Data for the task:

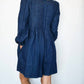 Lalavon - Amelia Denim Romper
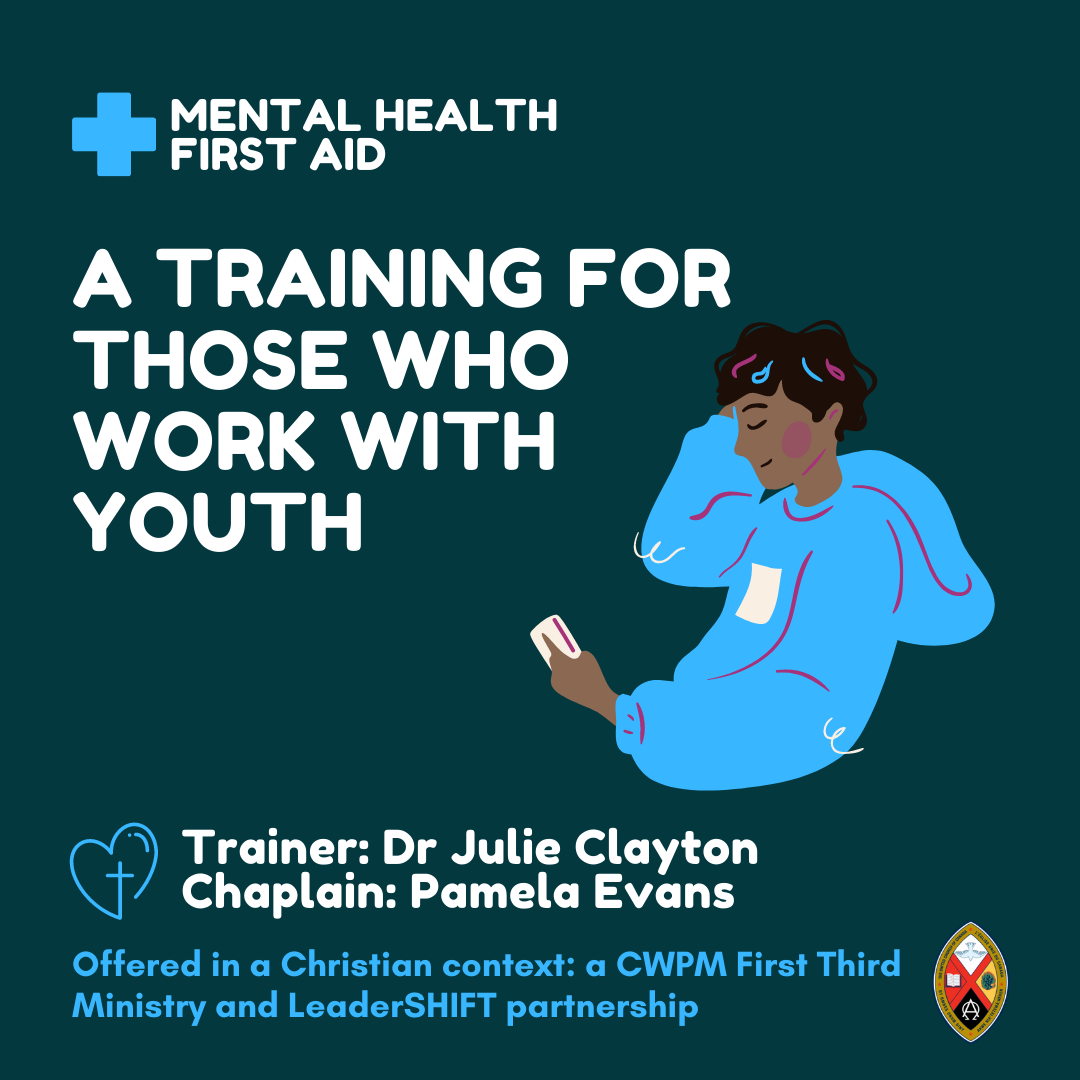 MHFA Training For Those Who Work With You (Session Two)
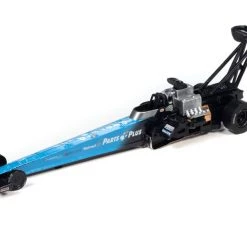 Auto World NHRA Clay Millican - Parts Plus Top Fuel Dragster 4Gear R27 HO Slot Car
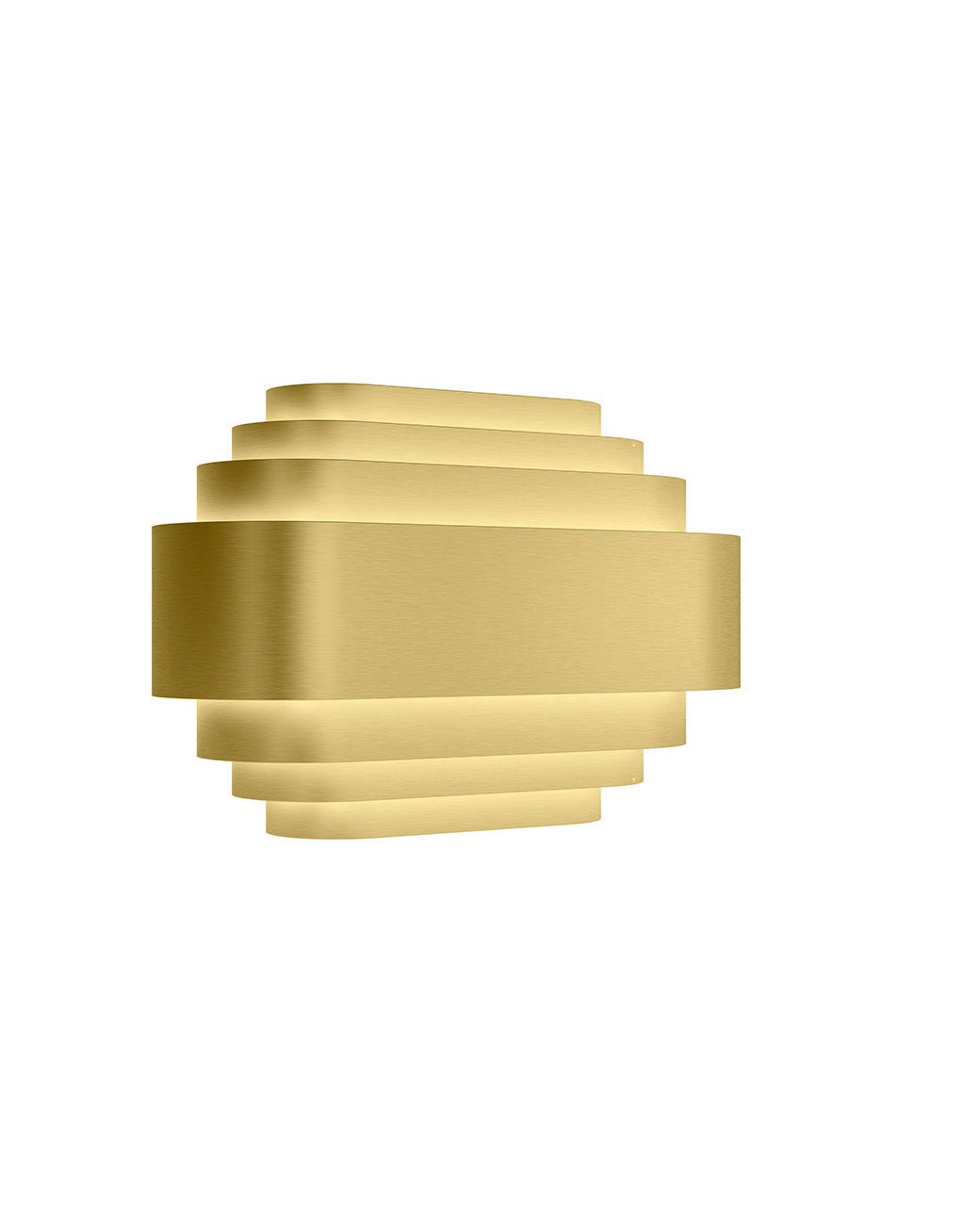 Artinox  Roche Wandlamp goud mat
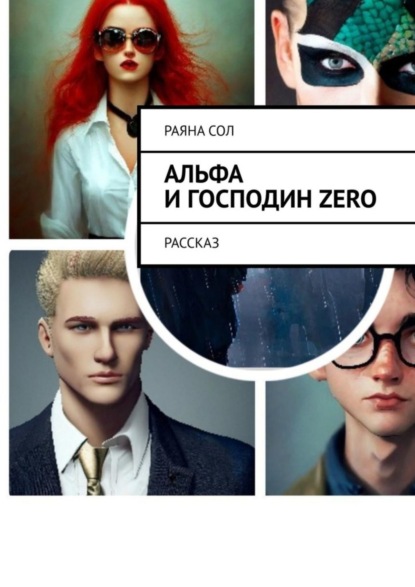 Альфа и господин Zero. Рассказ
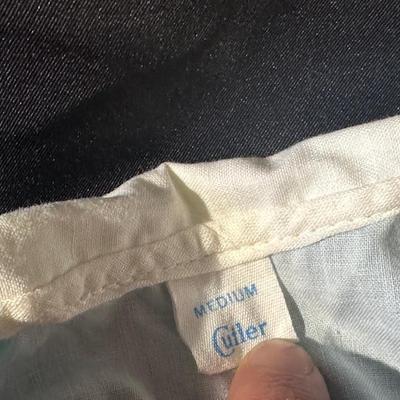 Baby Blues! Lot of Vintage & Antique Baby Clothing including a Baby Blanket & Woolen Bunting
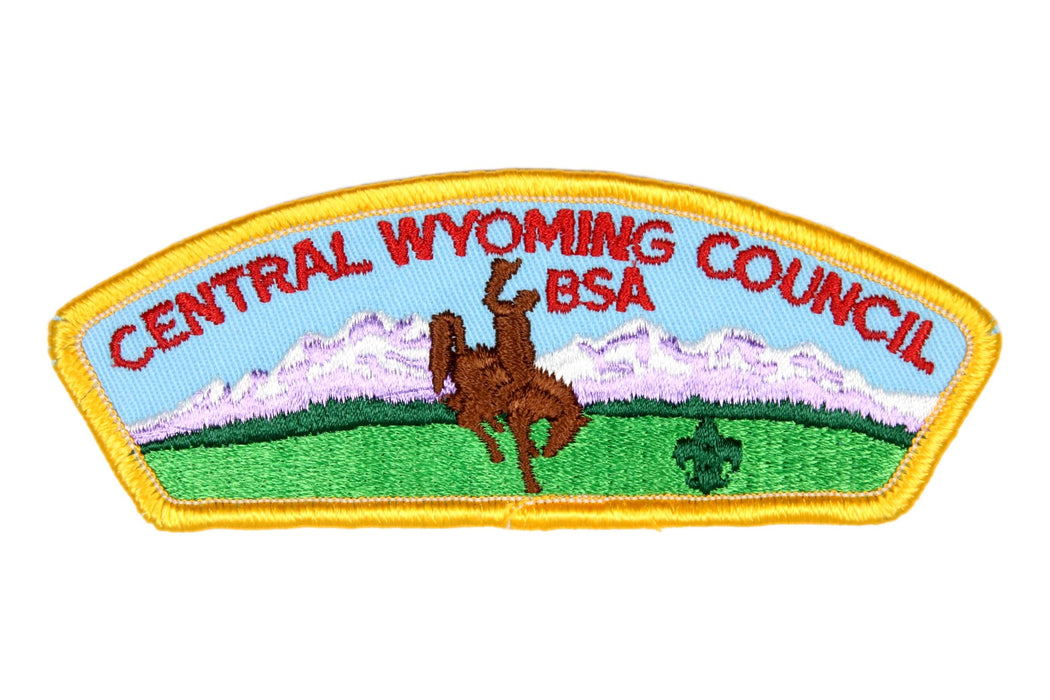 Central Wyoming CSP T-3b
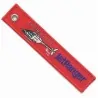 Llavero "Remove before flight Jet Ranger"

--

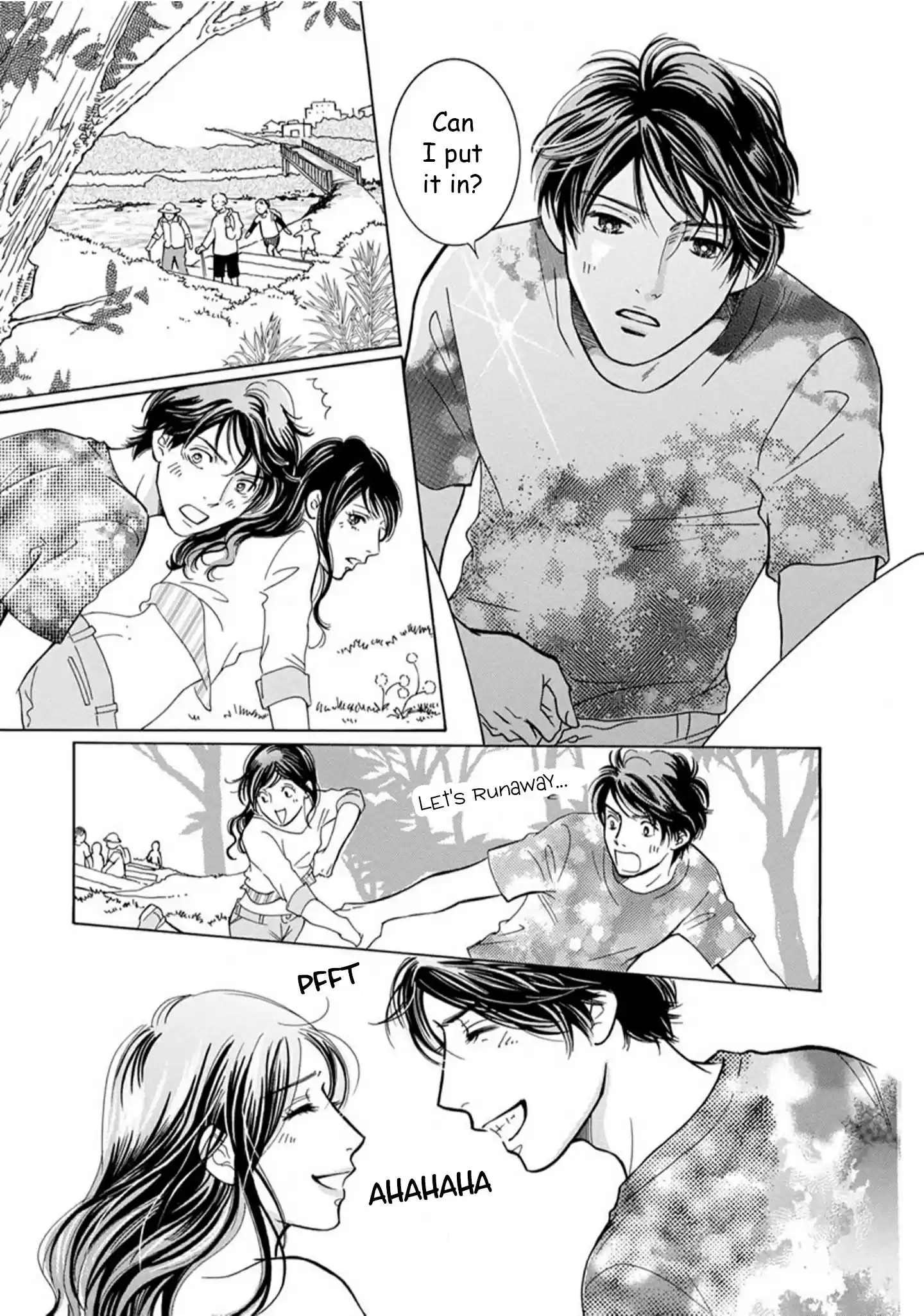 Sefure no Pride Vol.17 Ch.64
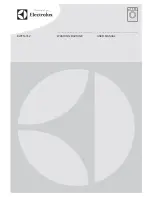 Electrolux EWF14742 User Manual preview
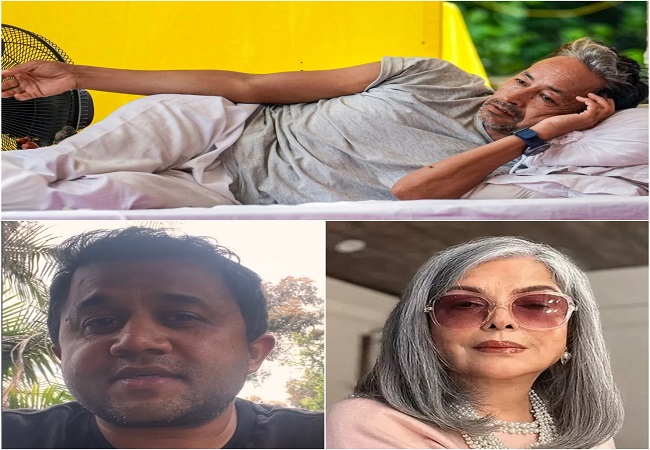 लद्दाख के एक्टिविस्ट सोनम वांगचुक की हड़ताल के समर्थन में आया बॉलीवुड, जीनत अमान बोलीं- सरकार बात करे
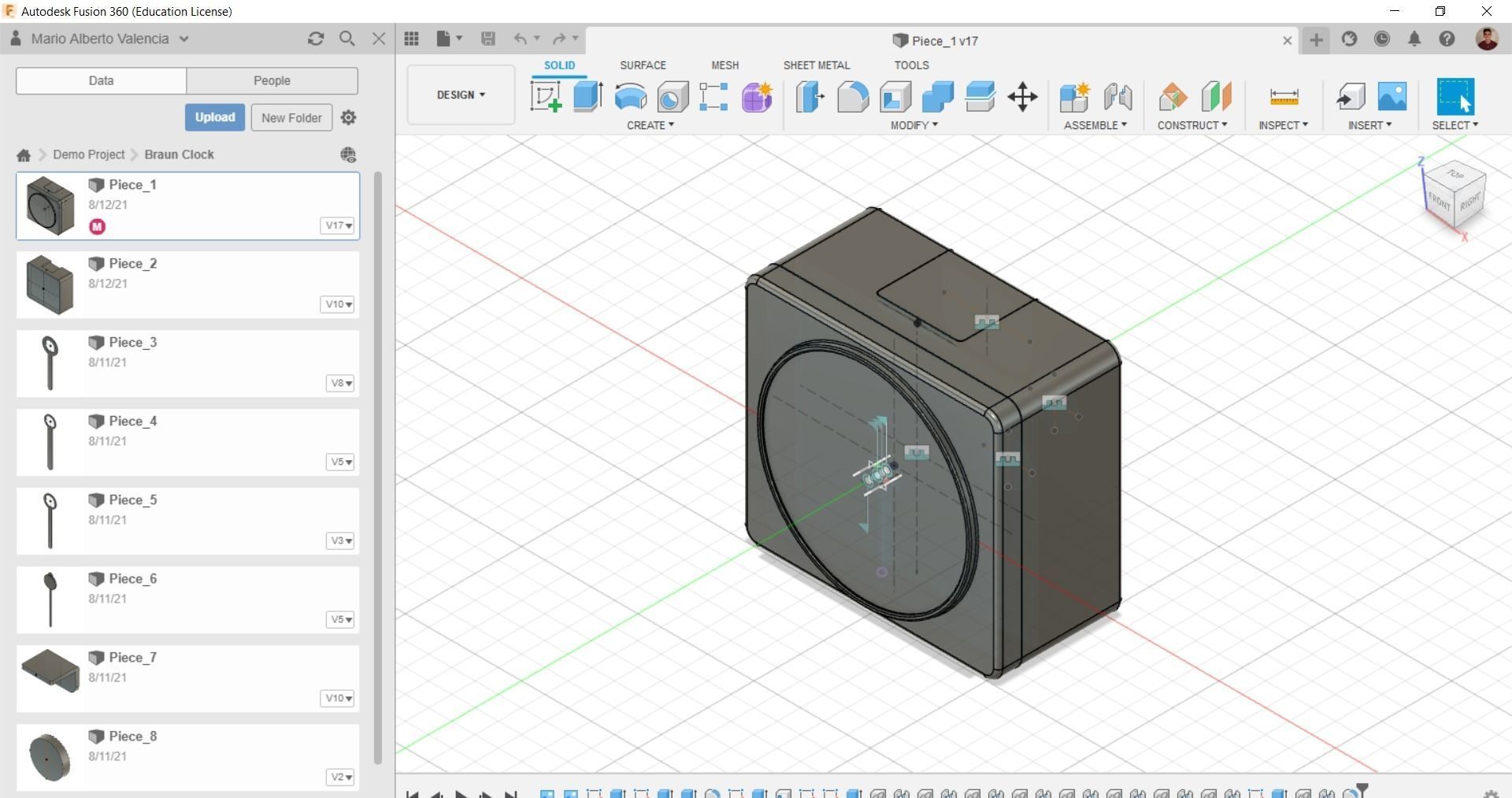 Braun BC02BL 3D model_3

Exercise: In the listing above, find the line with "Auto World NHRA" and the line with "before flight Jet". Copy exactly those two and every line between, without the pictures.

Response below:
 Auto World NHRA Clay Millican - Parts Plus Top Fuel Dragster 4Gear R27 HO Slot Car
 Artinox  Roche Wandlamp goud mat
 Альфа и господин Zero. Рассказ
 Baby Blues! Lot of Vintage & Antique Baby Clothing including a Baby Blanket & Woolen Bunting
 Central Wyoming CSP T-3b
 Llavero "Remove before flight Jet Ranger"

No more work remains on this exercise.